I've just heard that Lee Sexton, the great old time banjo player, has passed away. I was just thinking about him yesterday, because after reading the NY Times article about the Ozarks I realuzed that of all the members of the older generation I used to play with, Lee was the only one left. I'm attaching a song we did at Port Townsend with Paul David Smith on fiddle. In addition to being a powerful banjo player, Lee was also a fine old time fiddler, although he didn't play much in later years. Here's a YouTube clip of "Old Joe Clark" with his late son Phil on banjo and me trying to keep up on guitar: youtu.be/dowbTQAz2LU
Thought you all might enjoy this video, which actually appeared on CMT about 30 years ago. In addition to Lee, it also features Marion Sumner, "The Fiddle King of the South." He and Lee played together for many years, and both are featured in John Cohen's recording "Mounrain Music of Kentucky." youtu.be/pwJbfL7VTfY
Thanks Doug. Really enjoyed that. Didn't know Woah Mule was written by Roy Acuff. I just wanna know, is this like an old time compliment?; Your face is like a coffee pot, Your nose is like a spout, Your mouth is like a fireplace, With all the ashes out.
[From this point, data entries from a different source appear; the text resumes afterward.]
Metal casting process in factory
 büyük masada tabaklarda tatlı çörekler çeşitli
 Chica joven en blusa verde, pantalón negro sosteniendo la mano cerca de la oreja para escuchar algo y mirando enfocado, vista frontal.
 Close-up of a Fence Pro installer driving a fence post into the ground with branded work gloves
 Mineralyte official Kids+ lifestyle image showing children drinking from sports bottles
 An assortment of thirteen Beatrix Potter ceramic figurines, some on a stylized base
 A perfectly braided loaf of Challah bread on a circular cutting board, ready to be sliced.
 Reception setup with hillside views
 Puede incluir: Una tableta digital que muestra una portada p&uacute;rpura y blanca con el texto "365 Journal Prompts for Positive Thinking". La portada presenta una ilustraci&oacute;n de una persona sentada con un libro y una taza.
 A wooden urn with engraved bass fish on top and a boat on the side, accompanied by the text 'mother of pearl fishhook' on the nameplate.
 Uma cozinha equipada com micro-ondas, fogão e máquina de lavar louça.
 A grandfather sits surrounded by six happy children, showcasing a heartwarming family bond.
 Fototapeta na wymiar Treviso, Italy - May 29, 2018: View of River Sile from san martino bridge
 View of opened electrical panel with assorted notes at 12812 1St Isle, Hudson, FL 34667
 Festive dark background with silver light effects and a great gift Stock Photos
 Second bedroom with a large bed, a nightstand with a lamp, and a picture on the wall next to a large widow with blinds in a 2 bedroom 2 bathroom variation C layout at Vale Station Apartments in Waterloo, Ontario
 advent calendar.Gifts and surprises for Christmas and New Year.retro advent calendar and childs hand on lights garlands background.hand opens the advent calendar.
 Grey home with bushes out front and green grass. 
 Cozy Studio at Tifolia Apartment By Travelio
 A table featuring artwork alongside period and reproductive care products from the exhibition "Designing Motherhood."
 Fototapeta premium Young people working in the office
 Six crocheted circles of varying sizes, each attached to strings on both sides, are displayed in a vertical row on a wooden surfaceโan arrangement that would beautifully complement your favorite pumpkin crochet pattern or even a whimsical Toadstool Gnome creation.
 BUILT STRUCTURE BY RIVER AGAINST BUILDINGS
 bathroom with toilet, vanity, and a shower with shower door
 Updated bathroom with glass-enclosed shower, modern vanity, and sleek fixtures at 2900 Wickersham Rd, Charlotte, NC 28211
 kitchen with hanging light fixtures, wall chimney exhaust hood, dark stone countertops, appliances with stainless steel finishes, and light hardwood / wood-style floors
Indianajones - I don't think Roy Acuff wrote "Whoa Mule." It was recorded in 1924 by Riley Puckett youtu.be/SCV_CeoI1RQ as well as by Roba Stanley. There were other early recordings by the Hillbillies, Bill Chitwood, and Chubby Parker, all of which are on YouTube. I think this song is related to the "Liza Jane" family, and probably has minstrel show origins. The verse you mentioned is a humorous "floater," but I don't think I've ever heard it in this song.
farmerjones - Glad you enjoyed the video. Herbie did a good job getting the pieces to fit together. I especially like the part where the mule is "dancing" (although slowly) to the tune! One verse people sometimes have trouble with is: "Jaybird died of the whooping cough, bluebird died of the colic. 'Long come a toad frog, fiddle on his back Goin' to the frolic."
I hope I'm not violating some etiquette here and derailing the thread - Lee Sexton, may he rest in peace - but I had to search for the word 'muley' which is an archaic word meaning missing something, most likely horns, as is the probably case of this cow the Dillards are referencing. Now, if a cow was missing the horns it would take a long time to fly between them. More likely to get the whooping cough I'd say.